The Inglewood City Council will have a light agenda which includes increasing legal fee costs, incresaing meter fees, and approve lighting work on a totally refurbished parking garage.
The city has spent millions to reopen the parking garage located at 115 S. Locust, however, they continue to pay contractors for work that should’ve already been performed before it reopened.
Juan Martin Correa dba M-Co Electric, will receive $55,200 to install colored LED lights. The staff report fails to include Correa’s license, business tax certificate, documents related to him submitting the lowest bid to perform the work and a signed contract. Correa will also receive a $20,000 ADVANCE to start the work.
Nossaman LP will have their legal services contract, Agreement 19-155, increased from $600,000 to $900,000 for matters related to transportation, specifically Senate Bill 1. The firms website detail they have extensive history in eminent domain proceedings. Will businesses along Prairie be taken to extend the Metro rail to the South Bay?
Someone alleging to be City Manager Artie Fields signed a staff report requesting to amend a portion of the Inglewood Municipal Code (IMC) to charge a pass through fee to residents who use debit/credit cards at city parking meters.
The cost will remain at a minimum of $1.00 to use a debit/credit card but the staff report fails to detail the cost of the pass through fee.
That could explain Field’s peculiar signature under city CFO/Assistant City Manager David Esparza who is authorizing the added fee, as opposed to the city’s parking manager Mario Inga.

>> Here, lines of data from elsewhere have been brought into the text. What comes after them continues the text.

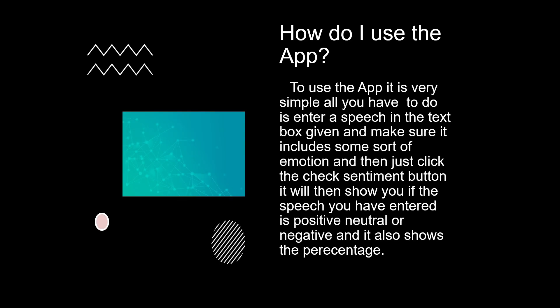How do you use the app? To use the app, it is very simple. All you have to do is enter a speech in the text box given and make sure it includes some sort of emotion and then just click the check sentiment button. It will then show you if the speech you entered is positive, neutral or negative and it also shows a percentage of which.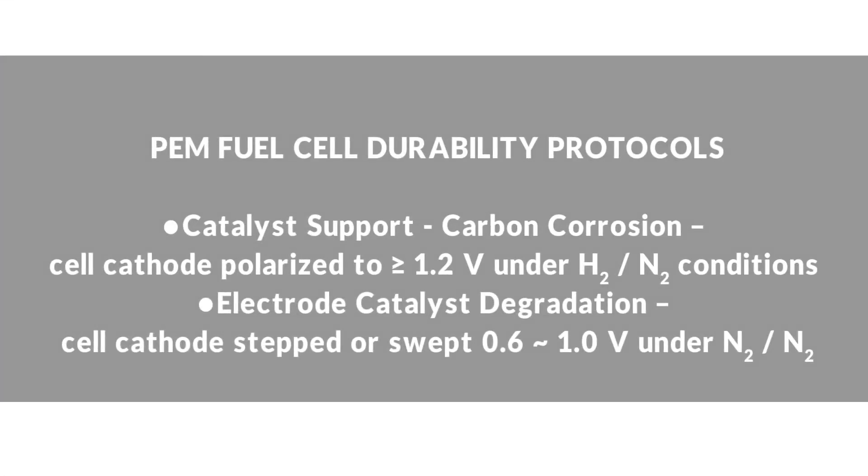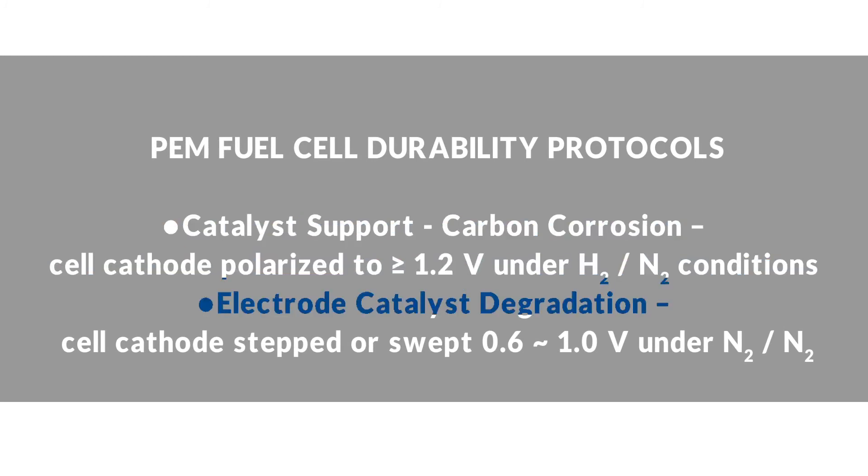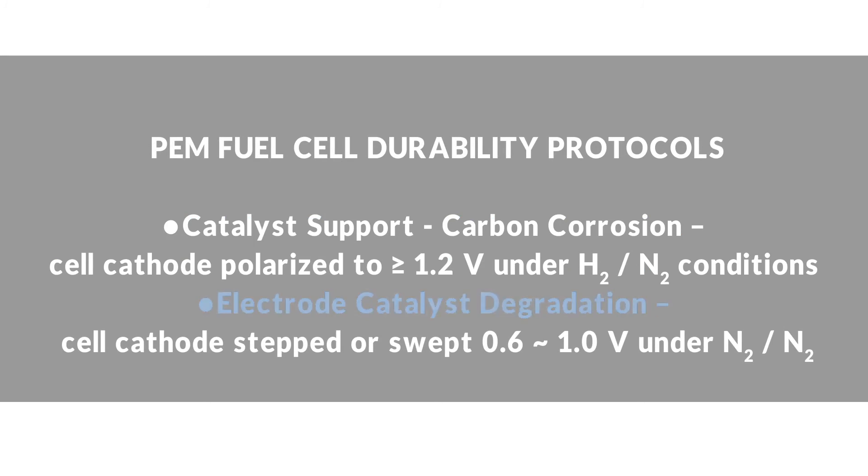Some fuel cell durability protocols require a potentiostat, including catalyst support by carbon corrosion and catalyst degradation. These experiments can be done within 885 and, when combined with an auto-multigas unit, they can be executed fully automated and without the need for user intervention.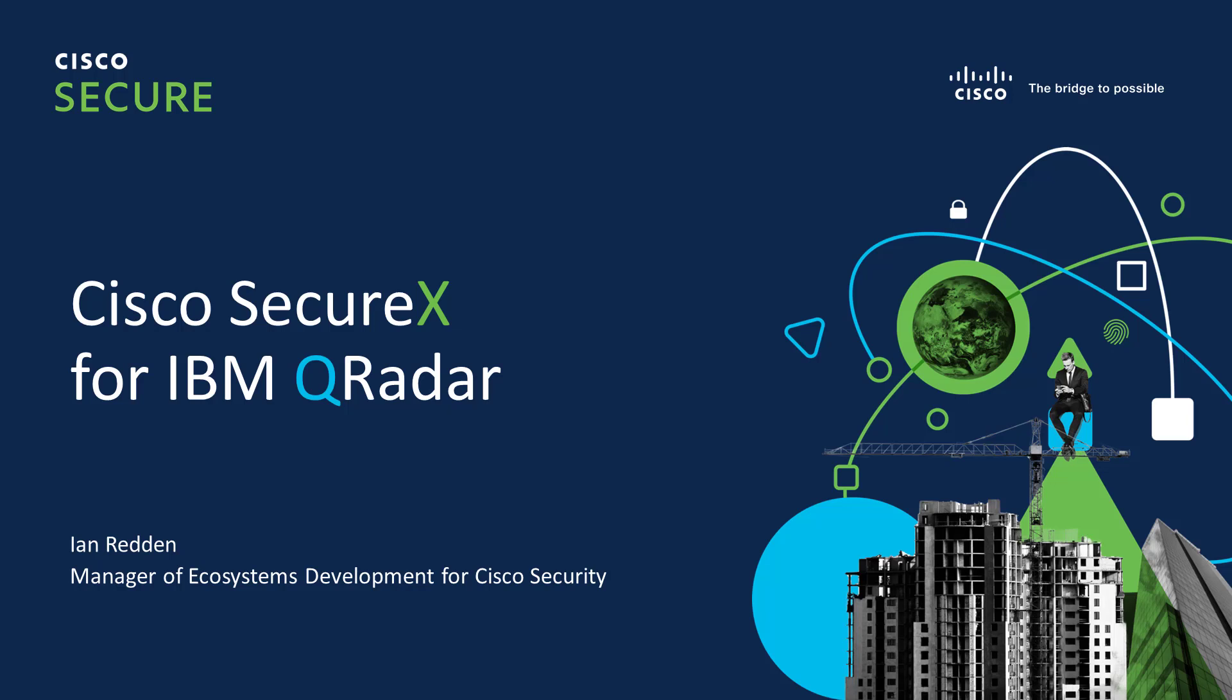Hello and welcome to the Cisco SecureX and IBM integration demo. For Cisco SecureX, I am Ian Redden, the Manager of Ecosystems Development at Cisco. Today's demonstration follows what it's like to use both Cisco SecureX and IBM QRadar in a security operations center. Without further ado, let's get started.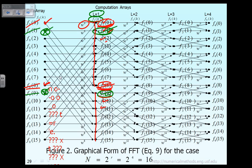After we finish the computation of the intermediate vector F1, we move on to level 2 to compute the intermediate vector F2. The computation of F2 will require calculating 16 values: F20, F21, F22, F23, and so on, all the way to F215. We can recognize that the computation of F20 requires data from F10 and F14, as shown by the two arrows in the picture. At the same time, the computation of F24 also requires the same data from F10 and F14.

It’s odd parking fees and water rates are scheduled to go up, all while Mayor Butts continues to publicly declare the city will reap millions of dollars, in NEW revenue, from the NFL stadium set to open next July. You would expect that revenue to absorb the parking pass through fees and water rate increases, to put less of a financial burden on the city’s residents.
The FY 2019-20 budget shows a paltry $90,000 surplus, expenditures will exceed GANN limits and the finance department continues to finagle more money out of residents, with a looming recession predicted by top financial analysts.
Exactly how bad are Inglewood’s finances?